In the first of a regular series of articles from thought-leaders and stakeholders across the Movement, Ollie Dudfield – the Executive Director of the Sport for Development Coalition – considers the balance required in these challenging times between the sector seeking external help, and it coming together to help itself through collaboration.
The steep upward trajectory of Coronavirus cases over the past weeks made the recently announced national restrictions in England inevitable. Even so the limitations placed on community sport as part of this second lockdown will only intensify the challenges faced across a sector already reeling from the effects of the pandemic. Decisive action is therefore required to support the sector. But from who?
The Sport for Development Coalition’s July report on the Impact of Covid-19 on the Sport for Development Sector painted an early picture of the effects of the pandemic on funding, delivery models and the ongoing engagement of programme participants.

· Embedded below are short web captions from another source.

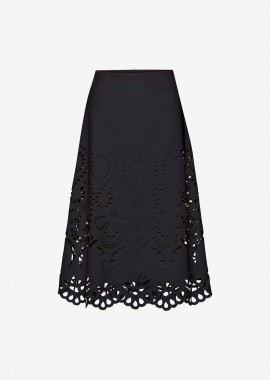 Cutcuutur - Midi A-Line Skirt in Black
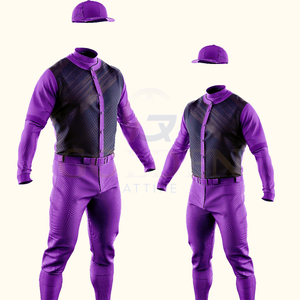 Vente en gros de maillots de baseball personnalisés de haute qualité pour hommes, uniformes de sport, maillots de baseball brodés - Product Image 1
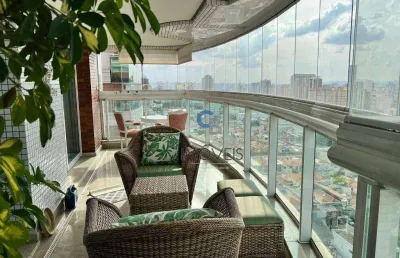Apartamento com 4 dormitórios à venda, 225 m² por r$ 3.500.000,00 - tatuapé - são paulo/sp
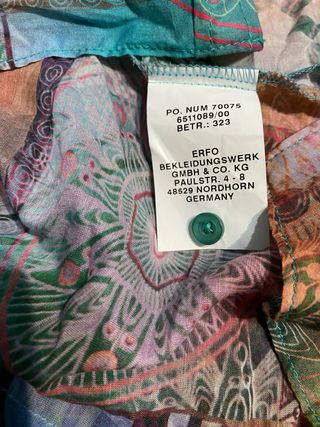 Blusa ERFO Algodón y Seda Talla M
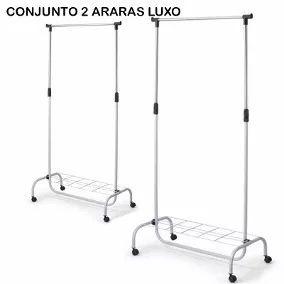 Kit 2 Arara Luxo Com Grade E Regulável - Compre Agora - Secalux Menor preço em Kit 2 Arara Luxo Com Grade E Regulável - Compre Agora - Secalux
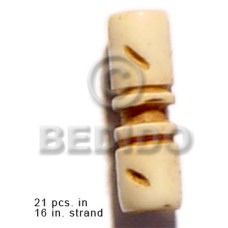 Natural bone tube groove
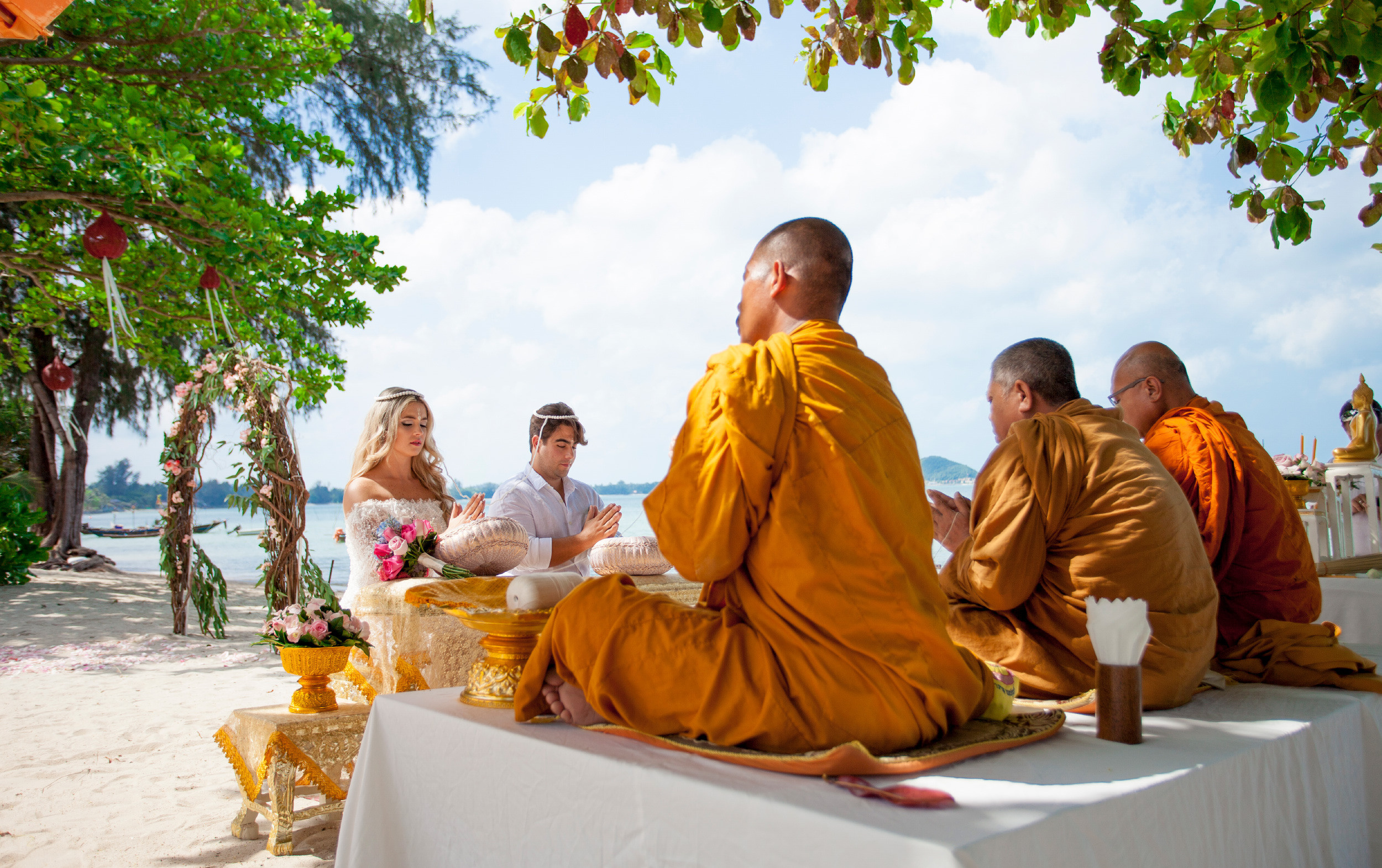 Buddhist + Western. Wedding on Koh Samui, Thailand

Although it received less attention, the report also noted that the pandemic had been a trigger for improved collaboration within the sector and enhanced flexibility from many of our partners and funders. In the face of this new lockdown these findings are particularly instructive.
The Coalition responded to the recent lockdown announcement by warning of the costs to society ‘down the line’ if community sport and sport for development organisations are not sustained through this period. To do so the sector will require further ring-fenced Government support, building on the £220million made available by Sport England in response to the pandemic and £100million to support local leisure centres.
But collaboration, collective action and co-creation within the sector will also be critical. The recent inputs of our Coalition into the Sport England strategy development process underscored the value of such collaboration across the breadth of the sector. A key theme was the potential (and need) for further emphasis and strategic investment in the broader outcomes the sector can deliver. There was strong consensus that more could be done to position sport-focused investment as a catalyst for wider investment in the impact the sector can deliver.
Inactivity levels rose by 7.4% over the first three months of the pandemic, this despite evidence of the preventative benefits of being active may even help directly combat the effects of COVID-19. But unemployment is also rising, so too are domestic violence levels and reports of social isolation. There is an impending youth job crisis and the number of people facing severe financial hardship is growing.
In this context, a balance must be struck between the support the wider community sport and physical activity sector can expect for ‘preserving the status quo’, versus investment in the contributions the sector can make to tackling these and other issues. Enhanced collaboration, co-creation and collective action is therefore essential at this juncture. This is the route to deliver contributions at scale, that deliver multiple returns including, but extending beyond, increased activity levels.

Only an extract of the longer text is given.